The station operated until 1994. The facility took its name from the Liberty Township community of Bethany, which was about two miles north of the facility.

History
In 1943, the United States government bought nearly all of Section 12 of Township 3, Range 2 of the Symmes Purchase, the northeasternmost section of Union Township. From Hazel Beckley, 170 acres (688,000 m²) were purchased; from Philip Condon, 143 acres (579,000 m²); from Lola Gray Coy, 100 acres (405,000 m²); from John Miller, 69 acres (279,000 m²); and from Suzie Steinman, 142 acres (575,000 m²). The site was chosen for its elevation and its shallow bedrock and is today bounded by Tylersville Road on the south, Cox Road to the west, Liberty Way to the north, and Butler-Warren Road.

The transmitters were built by Powel Crosley Jr.'s Crosley Broadcasting Corporation about one mile west of the company's tower for WLW-AM in Mason. The Office of War Information began broadcasting in July 1944 and Adolf Hitler is said to have denounced the "Cincinnati liars". Following the war, with the OWI abolished, the facility was taken over by the State Department in 1945. It became part of the newly created United States Information Agency in 1953. The Crosley Broadcasting Corporation operated the facility for the government until November 1963, when the Voice of America assumed direct control.

At its peak the facility had six transmitters broadcasting with 250 kW and two transmitting with 50 kW.

The facility was closed on November 14, 1994; because of changing technologies, the transmissions shifted to satellites.
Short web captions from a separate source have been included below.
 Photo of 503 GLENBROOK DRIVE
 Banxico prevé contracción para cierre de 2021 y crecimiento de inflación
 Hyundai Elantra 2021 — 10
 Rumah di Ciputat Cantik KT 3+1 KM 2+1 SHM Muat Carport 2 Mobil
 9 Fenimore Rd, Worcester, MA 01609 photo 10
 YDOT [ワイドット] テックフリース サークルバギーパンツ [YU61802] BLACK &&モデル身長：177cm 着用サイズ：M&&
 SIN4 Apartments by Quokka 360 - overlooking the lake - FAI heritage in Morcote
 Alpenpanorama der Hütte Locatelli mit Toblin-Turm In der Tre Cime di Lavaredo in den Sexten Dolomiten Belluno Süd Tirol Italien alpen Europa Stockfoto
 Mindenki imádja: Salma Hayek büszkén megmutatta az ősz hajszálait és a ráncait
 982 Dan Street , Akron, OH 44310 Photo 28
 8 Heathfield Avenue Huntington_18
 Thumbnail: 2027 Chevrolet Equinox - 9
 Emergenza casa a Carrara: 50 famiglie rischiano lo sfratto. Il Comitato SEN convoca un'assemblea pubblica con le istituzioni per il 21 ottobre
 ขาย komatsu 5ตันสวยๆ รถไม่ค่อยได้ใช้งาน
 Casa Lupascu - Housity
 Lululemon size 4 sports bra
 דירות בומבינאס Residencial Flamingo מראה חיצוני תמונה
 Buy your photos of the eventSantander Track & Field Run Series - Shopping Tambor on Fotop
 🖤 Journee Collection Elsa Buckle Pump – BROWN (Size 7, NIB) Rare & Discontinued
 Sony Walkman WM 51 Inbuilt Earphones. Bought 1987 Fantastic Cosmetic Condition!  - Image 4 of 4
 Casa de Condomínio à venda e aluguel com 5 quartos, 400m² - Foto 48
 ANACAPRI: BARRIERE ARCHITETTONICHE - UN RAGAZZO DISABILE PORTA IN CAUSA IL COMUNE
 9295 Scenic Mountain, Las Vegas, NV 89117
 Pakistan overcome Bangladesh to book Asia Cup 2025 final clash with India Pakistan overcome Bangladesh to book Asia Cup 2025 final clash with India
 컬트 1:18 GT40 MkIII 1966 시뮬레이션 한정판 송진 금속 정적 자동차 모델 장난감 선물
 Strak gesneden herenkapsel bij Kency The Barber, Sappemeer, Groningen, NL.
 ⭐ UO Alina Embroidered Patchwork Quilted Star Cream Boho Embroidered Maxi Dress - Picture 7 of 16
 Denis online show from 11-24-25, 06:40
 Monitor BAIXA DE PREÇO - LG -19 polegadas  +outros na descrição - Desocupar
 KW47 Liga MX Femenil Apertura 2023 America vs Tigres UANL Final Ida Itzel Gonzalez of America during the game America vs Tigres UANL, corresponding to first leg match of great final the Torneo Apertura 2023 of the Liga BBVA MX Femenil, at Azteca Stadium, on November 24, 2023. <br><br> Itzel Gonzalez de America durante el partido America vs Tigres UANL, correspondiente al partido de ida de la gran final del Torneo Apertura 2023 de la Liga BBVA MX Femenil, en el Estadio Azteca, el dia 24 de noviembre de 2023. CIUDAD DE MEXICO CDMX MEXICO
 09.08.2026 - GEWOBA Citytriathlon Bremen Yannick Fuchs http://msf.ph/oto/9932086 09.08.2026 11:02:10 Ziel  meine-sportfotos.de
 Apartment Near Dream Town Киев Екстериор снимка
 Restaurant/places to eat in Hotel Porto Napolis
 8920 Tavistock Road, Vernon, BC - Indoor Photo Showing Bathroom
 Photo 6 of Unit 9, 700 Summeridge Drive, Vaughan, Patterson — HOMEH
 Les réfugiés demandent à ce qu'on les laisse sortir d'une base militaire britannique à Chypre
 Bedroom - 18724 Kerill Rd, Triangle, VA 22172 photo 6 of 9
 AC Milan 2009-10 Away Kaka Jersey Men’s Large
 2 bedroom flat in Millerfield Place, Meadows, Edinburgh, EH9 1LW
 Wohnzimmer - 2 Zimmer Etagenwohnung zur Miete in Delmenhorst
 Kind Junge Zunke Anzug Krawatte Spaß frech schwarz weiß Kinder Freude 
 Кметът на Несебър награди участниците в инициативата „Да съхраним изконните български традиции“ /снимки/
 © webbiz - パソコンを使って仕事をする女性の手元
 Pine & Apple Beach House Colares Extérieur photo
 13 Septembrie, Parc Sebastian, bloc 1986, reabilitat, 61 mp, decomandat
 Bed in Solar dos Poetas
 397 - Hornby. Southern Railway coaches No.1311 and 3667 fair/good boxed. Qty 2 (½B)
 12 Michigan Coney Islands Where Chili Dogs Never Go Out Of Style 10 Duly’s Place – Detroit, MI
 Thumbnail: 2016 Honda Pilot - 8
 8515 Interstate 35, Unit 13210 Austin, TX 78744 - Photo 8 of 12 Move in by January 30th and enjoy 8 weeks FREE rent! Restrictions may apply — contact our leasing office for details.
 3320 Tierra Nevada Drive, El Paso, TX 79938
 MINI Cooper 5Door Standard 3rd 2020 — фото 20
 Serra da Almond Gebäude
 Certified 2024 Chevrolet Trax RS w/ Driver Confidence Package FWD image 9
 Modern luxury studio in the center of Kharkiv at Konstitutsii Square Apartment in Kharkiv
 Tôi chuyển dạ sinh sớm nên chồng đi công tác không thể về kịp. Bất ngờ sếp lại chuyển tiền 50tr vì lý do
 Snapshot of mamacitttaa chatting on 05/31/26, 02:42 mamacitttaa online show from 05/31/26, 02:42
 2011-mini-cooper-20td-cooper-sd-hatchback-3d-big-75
The towers were brought down from December 1997 to February 1998.

Post-closure use
Most of the land was turned over to the county and township for use as a park.

Part in the southwest corner was sold to developers who have erected a shopping center called the Voice of America Centre.

The Miami University Voice of America Learning Center opened on the site in January 2009.

National Voice of America Museum of Broadcasting
The 30,000 sq. ft. former Bethany Station building at 8070 Tylersville Road has been transformed into the National Voice of America Museum of Broadcasting, a historical center about the history of The Voice of America, Powel Crosley, Jr. and radio and television.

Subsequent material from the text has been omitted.